Work to be completed. Your answer must be an exact copy of the records, minus any pictures.

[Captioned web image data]
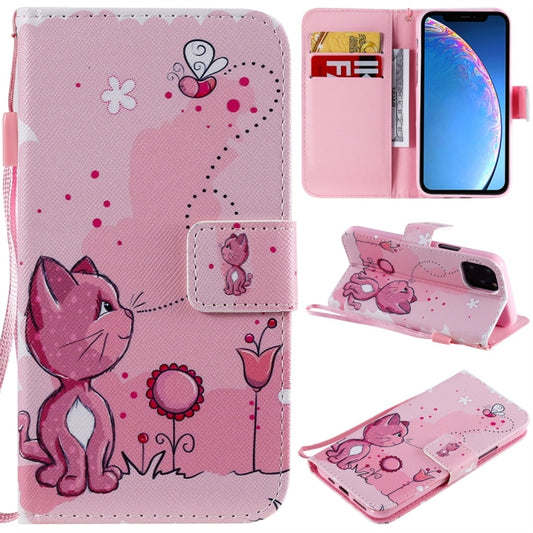 For iPhone 11 Pro Painted Pattern Horizontal Flip Leather Case, with Wallet & Holder & Card Slots & Lanyard(Cat and Bee) - iPhone 11 Pro Cases by buy2fix | Online Shopping UK | buy2fix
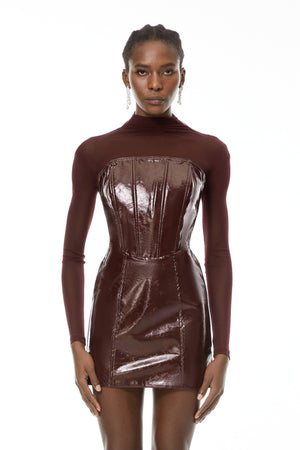 Aurohaya Millie Red Faux Leather Mini Dress with Tulle Panels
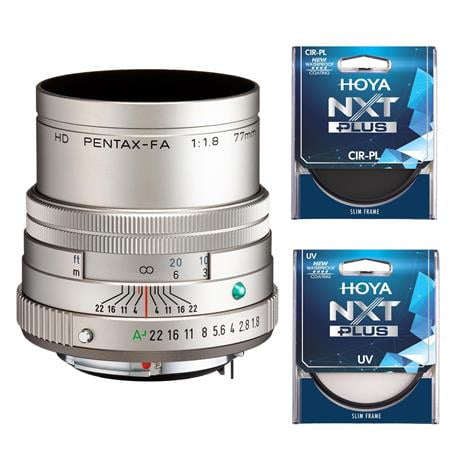 HD Pentax-FA 77mm f/1.8 Limited Lens, Silver, Bundle with Hoya 49mm UV+CPL  Filter Kit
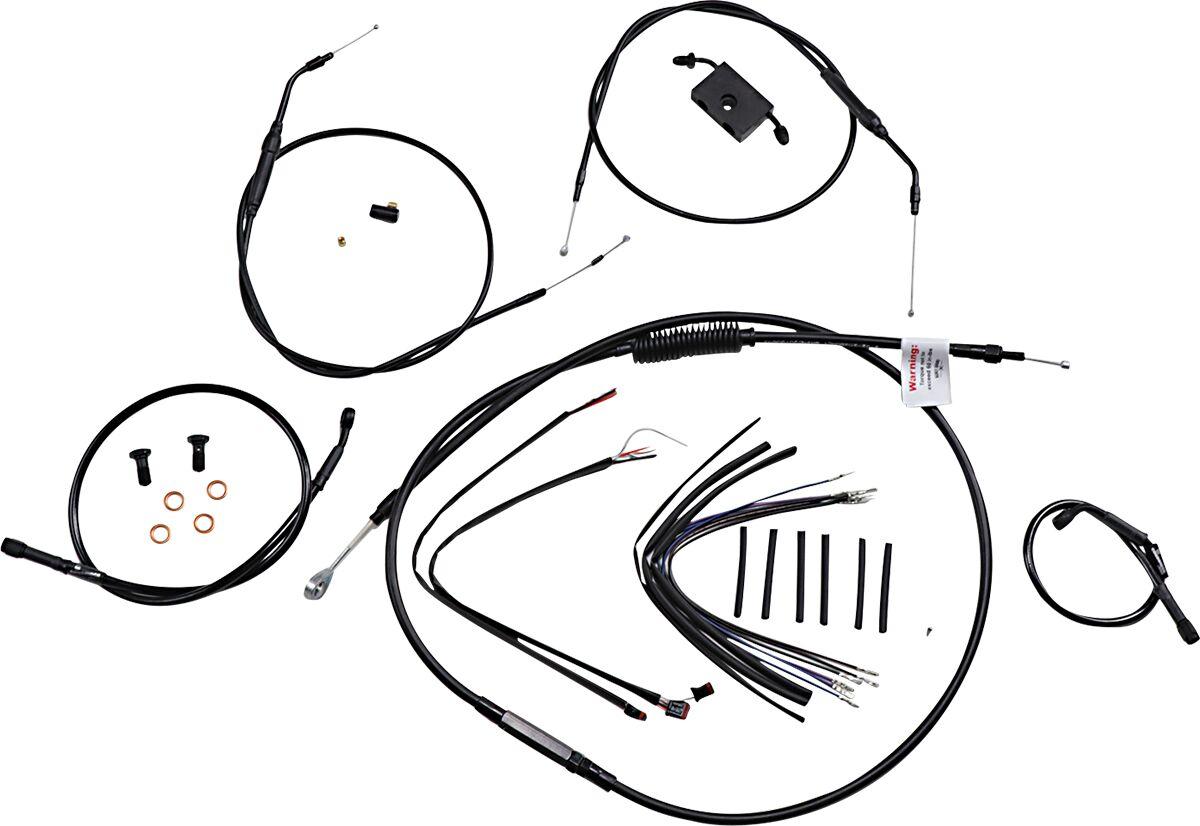 B30-1230 - Burly Extended Sportster ABS Handlebar Cable & Hose Kit For Harley Davidson XL 1200 C 35.5cm (14") - Black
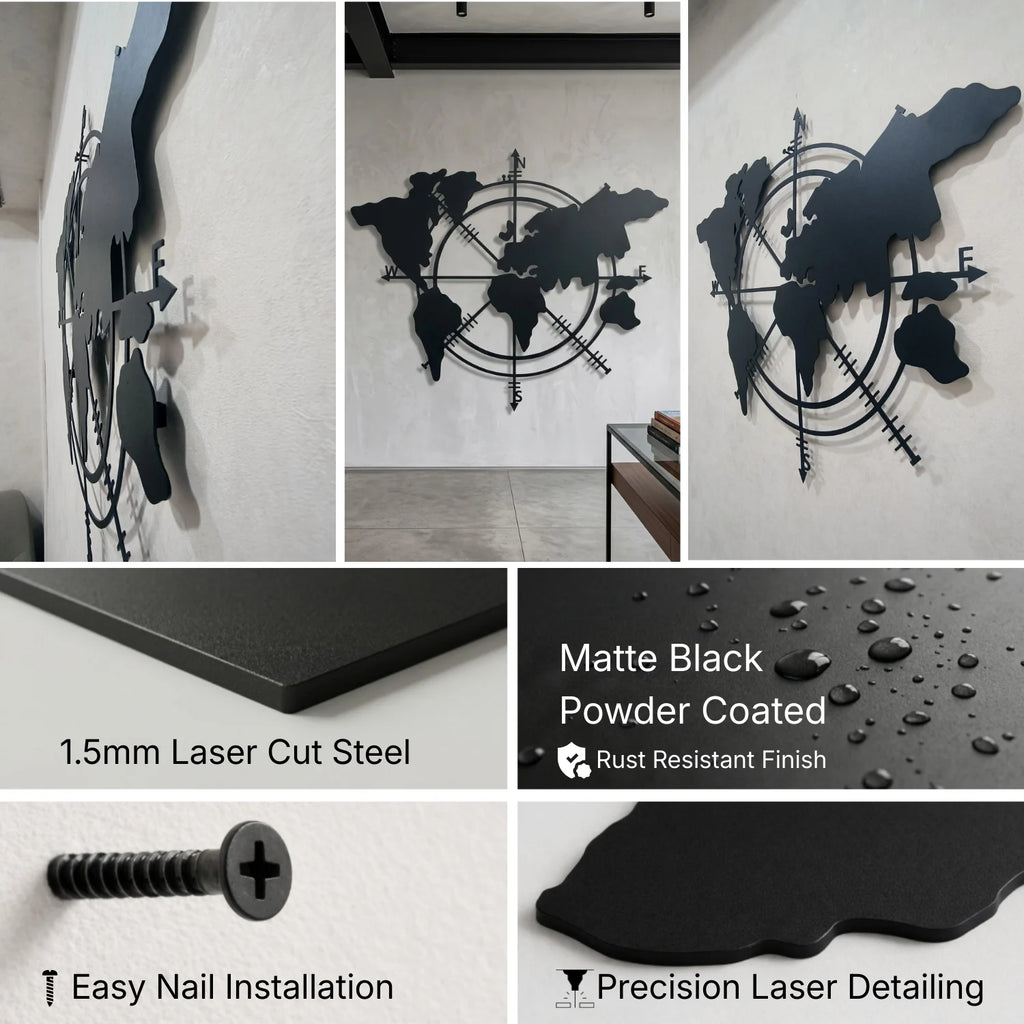 Artrooms World Map Metal Wall Art - Wall Decoration | Wall Hanging (24x20 inch) | Black Matte Finish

Expected answer.
 For iPhone 11 Pro Painted Pattern Horizontal Flip Leather Case, with Wallet & Holder & Card Slots & Lanyard(Cat and Bee) - iPhone 11 Pro Cases by buy2fix | Online Shopping UK | buy2fix
 Aurohaya Millie Red Faux Leather Mini Dress with Tulle Panels
 HD Pentax-FA 77mm f/1.8 Limited Lens, Silver, Bundle with Hoya 49mm UV+CPL  Filter Kit
 B30-1230 - Burly Extended Sportster ABS Handlebar Cable & Hose Kit For Harley Davidson XL 1200 C 35.5cm (14") - Black
 Artrooms World Map Metal Wall Art - Wall Decoration | Wall Hanging (24x20 inch) | Black Matte Finish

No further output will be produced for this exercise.